論文 参考訳(メタデータ) (2024-02-02T17:26:23Z) - Dynamic LLM-Agent Network: An LLM-agent Collaboration Framework with
Agent Team Optimization [59.39113350538332]
大規模言語モデル(LLM)エージェントは幅広いタスクで有効であることが示されており、複数のLLMエージェントを組み込むことで、その性能をさらに向上することができる。
既存のアプローチでは、固定されたエージェントセットを使用して静的アーキテクチャで相互に相互作用する。
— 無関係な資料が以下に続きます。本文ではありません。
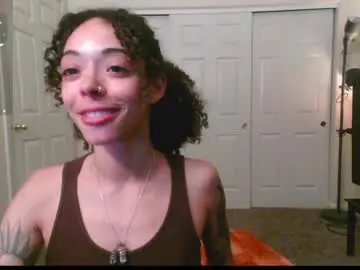 Chaturbate Watch Live Sex Cams of gunzinrose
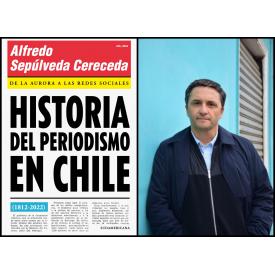 Historia del Periodismo en Chile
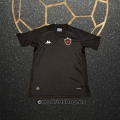 Tailandia Camiseta Botafogo Special 2025 Negro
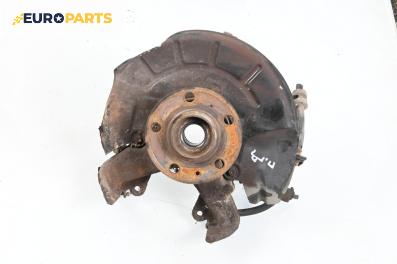 Шенкел главина за Volkswagen Fox Hatchback (08.2003 - 10.2015), позиция: предна, дясна
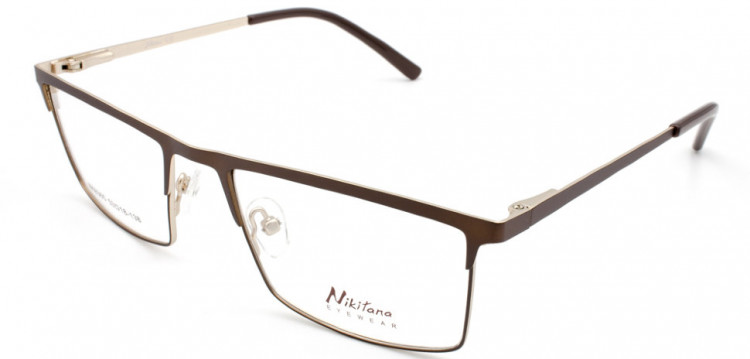 ОМ NIKITANA 8365 C4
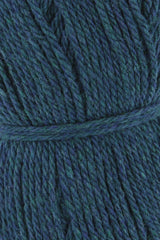 Lang Yarns Donegal Woolen Spun 1172.0188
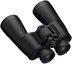 Nikon ACTION 10x50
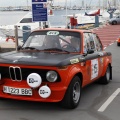 XIV Rallye Costa Azahar Classic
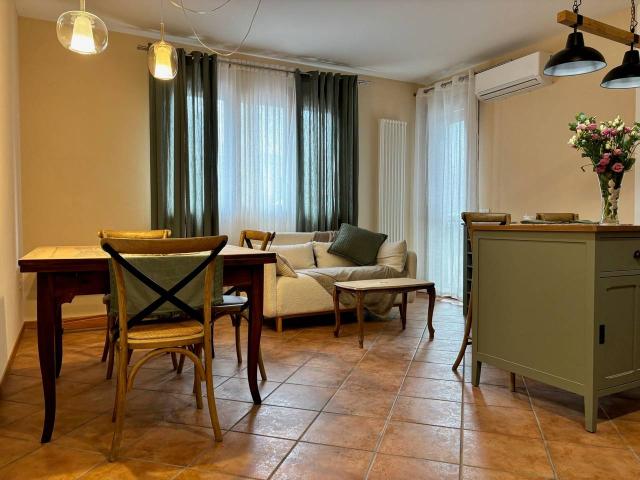 Appartamento in affitto a Carmignano Di Brenta, Veneto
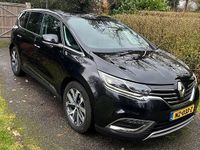 Occasion Renault Espace Initiale Paris 200 PK (147 kW) 2015 MPV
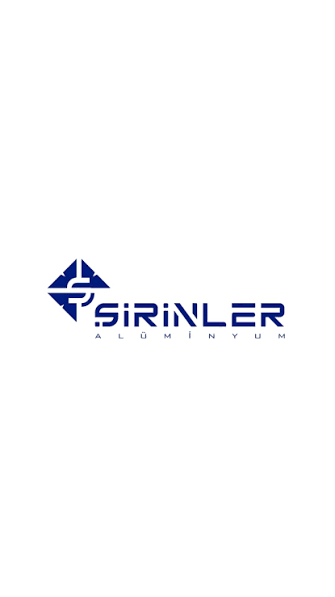 Şirinler Profil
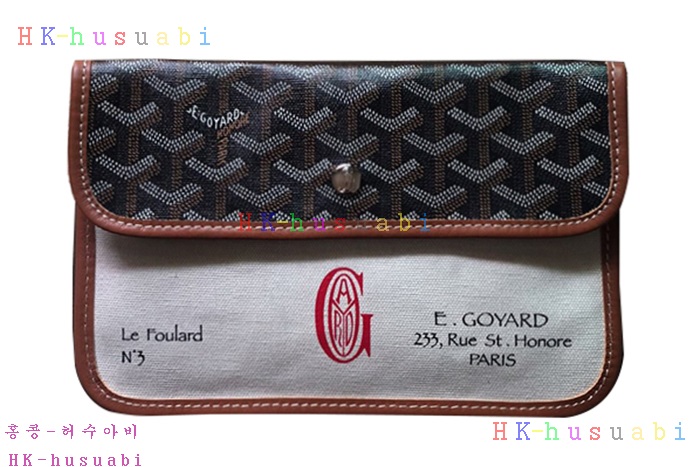 �ڹ̷��ޡ� ���ߵ� ��ī���Ŀ�ġ GY22101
我々は、推論やコード生成といった複雑なタスクにおいて、LLM-agentコラボレーションのためにDynamic LLM-Agent Network(textbfDyLAN$)というフレームワークを構築します。
論文 参考訳(メタデータ) (2023-10-03T16:05:48Z) - AutoAgents: A Framework for Automatic Agent Generation [27.74332323317923]
AutoAgentsは、さまざまなタスクに応じてAIチームを構築するために、複数の専門エージェントを適応的に生成し、コーディネートする革新的なフレームワークである。
各種ベンチマーク実験により,AutoAgentsは既存のマルチエージェント手法よりも一貫性と正確な解を生成することが示された。
論文 参考訳(メタデータ) (2023-09-29T14:46:30Z)
関連論文リストは本サイト内にある論文のタイトル・アブストラクトから自動的に作成しています。
指定された論文の情報です。
本サイトの運営者は本サイト(すべての情報・翻訳含む)の品質を保証せず、本サイト(すべての情報・翻訳含む)を使用して発生したあらゆる結果について一切の責任を負いません。